Bayesian Additive Regression Trees For Python
https://jakecoltman.github.io/bartpy/
MIT License
219 stars 44 forks source link

fit_predict missing parameter on the call to predict #25

Closed mattharrison closed 5 years ago

mattharrison commented 5 years ago

Shouldn't it be:

self.predict(X)

https://github.com/JakeColtman/bartpy/blob/a1a799b15e5d3c5b115c0eca7efd6f5cc4b14280/bartpy/sklearnmodel.py#L134

JakeColtman commented 5 years ago

I agree that it's a little unintuitive, but I think they net into the same thing. If no covariate matrix is passed to SklearnModel.predict, it defaults to returning the predictions of the original training set, i.e. X in this case.
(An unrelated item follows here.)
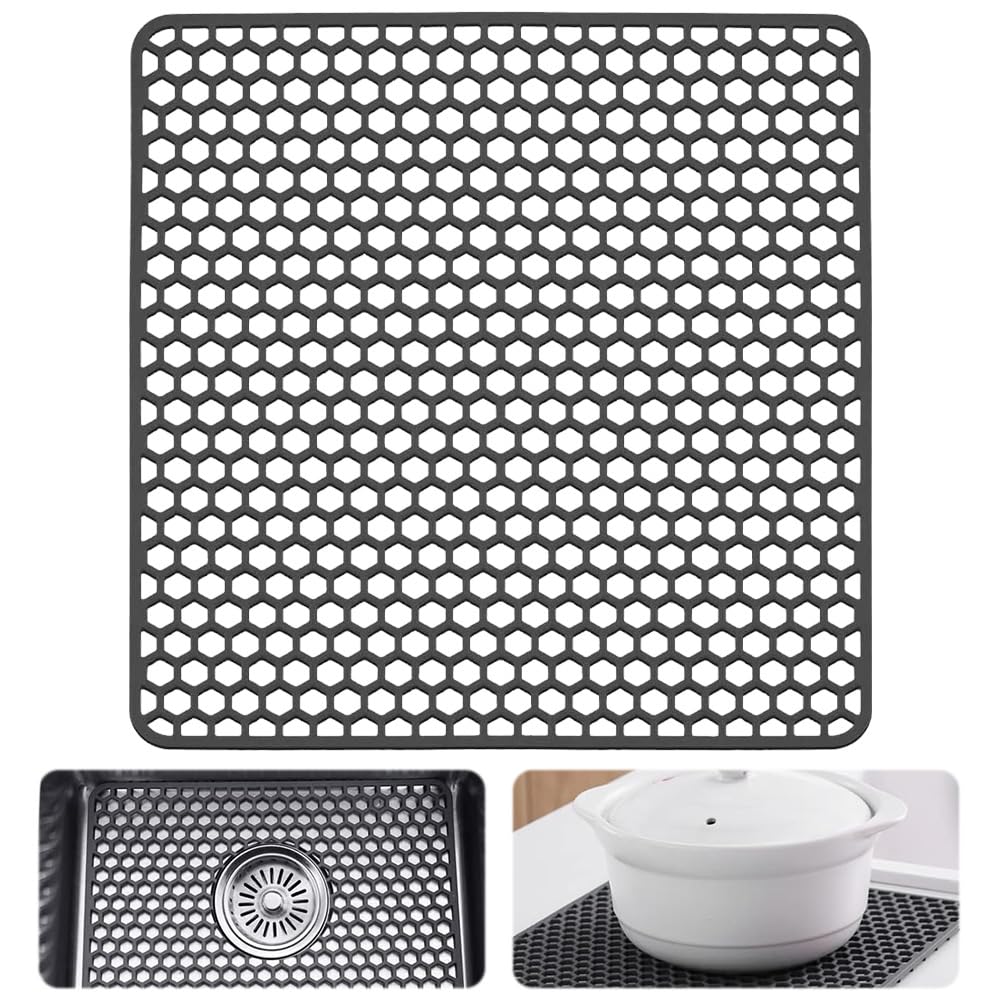 Tapis D'évier De Cuisine En Silicone, Tapis D'égouttage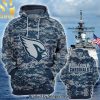 Personalized Your Name NFL Arizona Cardinals US Navy NWU Camouflage New Style Full Print Shirt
The gain of this for BartPy is that it's much faster to calculate the prediction using the already computed samples than it is to generate out of sample estimates for all the trees in all of the samples.

I'll confirm this is the case later on though and at least add a comment to the line to make what's happening clear.

P.S. Thanks for raising an issue! It's a nice, if slightly odd, feeling to know people are looking at the code :)

mattharrison commented 5 years ago

Thanks for the great explanation. Looking forward to playing around with this library!

JakeColtman commented 5 years ago

Great! The library as a whole is pretty optimized for my own use cases, because I didn't really expect anyone else to stumble upon it, so please let me know if you have feedback / criticism. Likewise, if you're thinking of applying it to a problem, I'd be happy to help as a real world test case :)